Our |ByValue| trace transfomer \Cref{fig:by-value} achieves this quite literally.
Let us unpack the definition of |bind|.
As its first action, it yields a brand new |Let0| event, indicating in the
trace that focus descends into the right-hand side of a |let|.
Then |>>=| will keep yielding from the |fix| expression corresponding to the RHS
until it is evaluated, and the value |v| is then passed |return|ed (\ie, wrapped
in |Ret|) to |body|.
The |τ >>= body . return| idiom is quite important, as it yields from the trace
|τ| eagerly, and only once, rather than duplicating it at every use site in
|body|, as |body τ| would.
The |fix| expression, on the other hand, expresses the following recursion equation:
|rhs τ| ends in the value |v| if and only if |τ| is |Ret v|.
The type class instance method |extract :: T v -> v| applied to |rhs τ| will
return |v|,%
\footnote{The keen reader may have noted that we could use |Extract| to define a
|MonadFix| instance for deterministic |τ|.}
and |return v = Ret v|, so |fix| solves this recursion equation for us.
Since nothing about |extract| is particularly special to |T|, it lives in its
own type class |Extract| so that we get a |HasBind| instance for different
types of |Trace|s, such as more abstract ones in \Cref{sec:abstraction}.

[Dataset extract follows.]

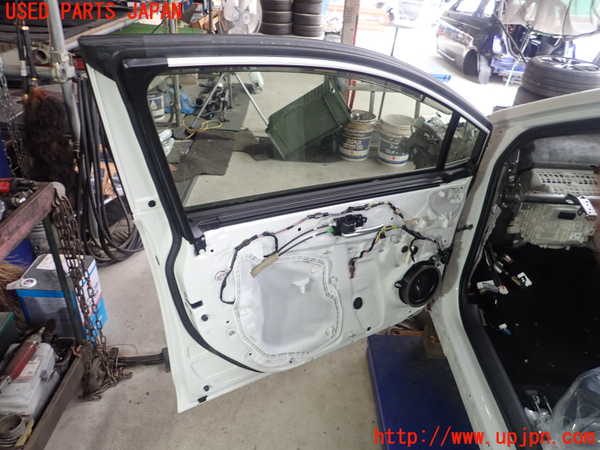 1UPJ-9237011260]カローラ ツーリング ハイブリッド(ZWE211W)左前ドア 中古(43R-00034 M2H4)_3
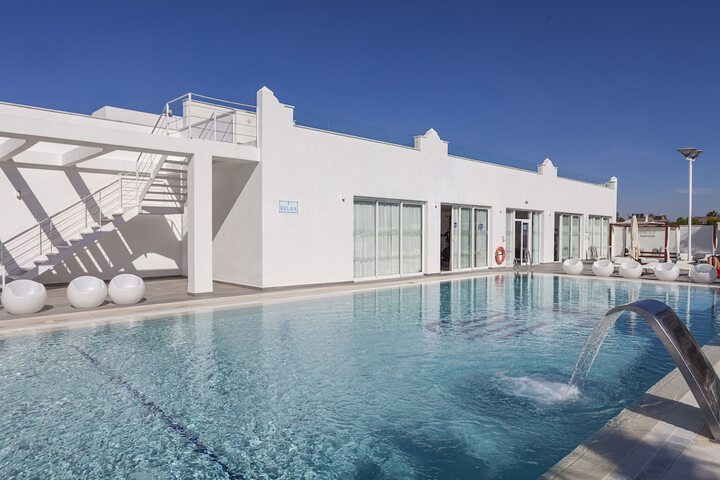 Pool 62 of 117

Let us trace $\Let{i}{(\Lam{y}{\Lam{x}{x}})~i}{i~i}$ for call-by-value:
< ghci> eval (read "let i = (λy.λx.x) i in i i") emp :: D (ByValue T)
$\perform{eval (read "let i = (λy.λx.x) i in i i") emp :: D (ByValue T)}$
\\[\belowdisplayskip]
\noindent
The beta reduction of $(\Lam{y}{\Lam{x}{x}})~i$ now happens once within the
$\LetOT$/$\LetIT$ bracket; the two subsequent $\LookupT$ events immediately halt
with a value.
Alas, this model of call-by-value does not yield a total interpreter!
Consider the case when the right-hand side accesses its value before yielding
one, \eg,
< ghci> takeT 5 $ eval (read "let x = x in x x") emp :: ByValue T (Maybe (Value (ByValue T)))
$\LetOT\xhookrightarrow{\hspace{1.1ex}}\LookupT(x)\xhookrightarrow{\hspace{1.1ex}}\LetIT\xhookrightarrow{\hspace{1.1ex}}\AppIT\xhookrightarrow{\hspace{1.1ex}}\LookupT(x)\xhookrightarrow{\hspace{1.1ex}}\texttt{\textasciicircum{}CInterrupted}$
\\[\belowdisplayskip]
\noindent
This loops forever unproductively, rendering the interpreter unfit as a
denotational semantics.
\begin{figure}
\begin{code}
type Addr = Int; type Heap τ = Addr :-> D τ; nextFree :: Heap τ -> Addr
ifCodeElse(newtype ByNeed τ v)(data ByNeed τ v) = ByNeed { unByNeed :: Heap (ByNeed τ) -> τ (v, Heap (ByNeed τ)) }
getN :: Monad τ => ByNeed τ (Heap (ByNeed τ)); getN = ByNeed (\ μ -> return (μ, μ))
putN :: Monad τ => Heap (ByNeed τ) -> ByNeed τ (); ^^ putN μ = ByNeed (\ _ -> return ((), μ))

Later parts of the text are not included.